小説「サークル○サークル」01-181~01-190「加速」まとめ読み

生活をしていると特別なことよりも、日常の当たり前の出来事の方が圧倒的に多い。いかに、その当たり前の時間を一緒に過ごして楽しいかが結婚をすると大切になってくる。
くだらないことでも話せて笑い合える方が、断然楽しい。そういうことに、シンゴは結婚してから気が付いた。
それはシンゴ自身、一度結婚に失敗しているから気が付けたことかもしれない。
アスカとジムの近くのパン屋の話をして、笑い合える。傍から見たらどうでもいいような、そんなことでさえ、シンゴにとっては、意味を持つ。それは相手がアスカだからだ。
シンゴは楽しそうに話すアスカを見ながら、自分にとっての幸せや結婚を考えていた。
「手が止まってるけど……口に合わなかった?」
アスカは心配そうにシンゴに訊く。
「いや、そんなことはないよ。

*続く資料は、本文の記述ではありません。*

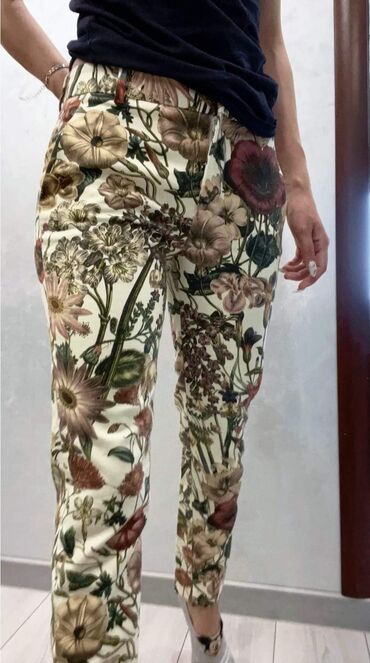 ps fashion haljine 2022: Novo ZARA. pantalone vel. s
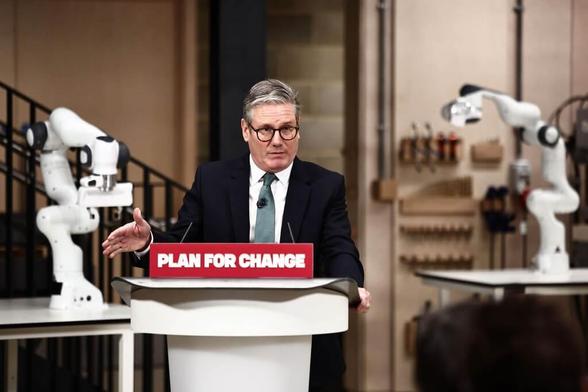 YouGov: 87% of Brits support a law requiring developers to prove AI tools are safe before release, while 60% back a ban on “smarter-than-human” models. 🚨 #AIethics #AIRegulation #TechNews #ArtificialIntelligence #UK #AI #FutureTech #AIlaw #YouGov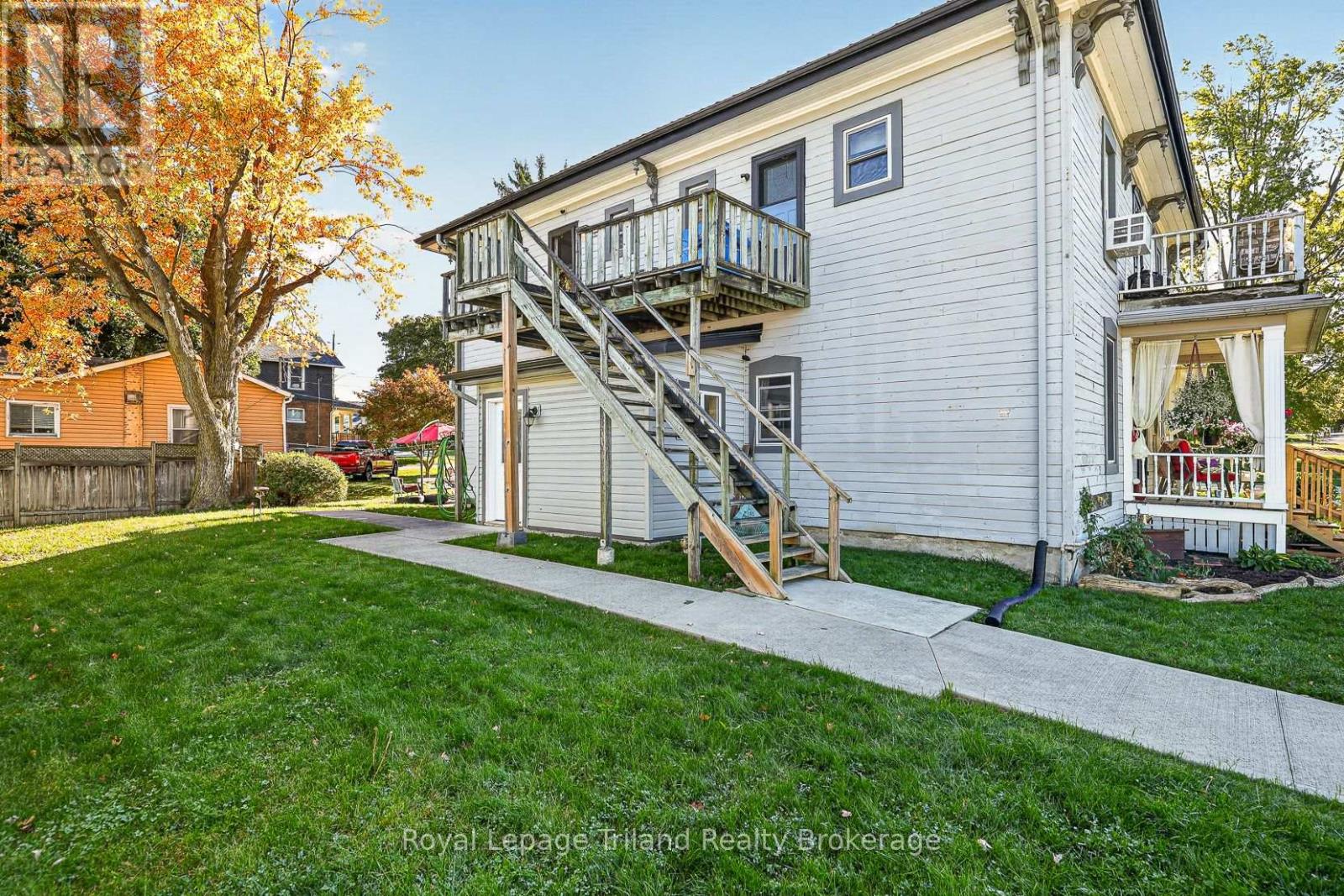 156-158 Charles Street W Property Photo 7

とても美味しい。ちょっと考え事をしてしまっただけだよ」
「仕事のこと?」
アスカはすかさず問う。
「ああ」
シンゴは誤魔化す為に嘘をつく。
アスカのことを考えていたとは、さすがに言えなかった。

「仕事大変なのね」
アスカは心配そうに言う。
「そんなことないよ。アスカに比べたら、楽だと思うな」
「ううん、何もないところから作品を生み出すのって、想像が出来ないくらい大変なことだと思うの。私には出来ないことよ。本当にすごいと思うわ」
シンゴは素直に嬉しかった。自分の仕事を認めてもらえるということが、自分の存在価値を認められたような気がしていた。
「アスカは明日からレナに接触するの?」
「ええ、ジムの入会も終わったし、ジムに通いながら接触して、様子を見るつもり」
「仕事とは言え、ジム通いは健康の為にも良かったかもね」
「ふふ、そうかもしれないわね」
アスカはまた楽しそうに笑った。夫婦の会話が皆無だった、あの寒々しい雰囲気が嘘のようだった。
けれど、シンゴの脳裏にはいつだって、ヒサシのことが過ぎっていた。
アスカがこうやって、楽しそうに笑うのは、ヒサシの存在が関係しているかもしれない。そう思うと、胸の奥が痛んだ。

食事を終え、シンゴは自室にこもる。仕事をする為だ。書き出しから、いくらか進んでいた。今までのアスカと自分のことを書けばいいのだ。執筆に詰まるということは特になかった。
けれど、いつか執筆が現実に追いついてしまう。その時が問題だ。
そして、シンゴは事実をもっと詳細に知りたいと思うようになっていた。アスカはいつからヒサシと関係を持っているのか、何がきっかけでヒサシに惚れたのか、今後、どうするつもりなのか――。
そこまで考えて、シンゴは深い溜め息をつく。空しかった。
原稿を書く度に訪れる悲しみとも切なさともとれる、痛みを伴った感情は、シンゴの心を蝕んでいく。
シンゴは原稿を書く手を止めた。
パソコンの画面の明るさがやけに眩しく感じる。
「……そうだ」
シンゴは画面を見つめながら、ぽつりとつぶやいた。
「……もう一度すればいいんだ……」
シンゴが思いついたのは、至極単純なことだった。
――そうだ、もう一度、尾行をすればいいんだ。
この答えが正しいかどうか、シンゴにはまだわからなかったけれど、シンゴにはそれ以外に方法はないように思えていた。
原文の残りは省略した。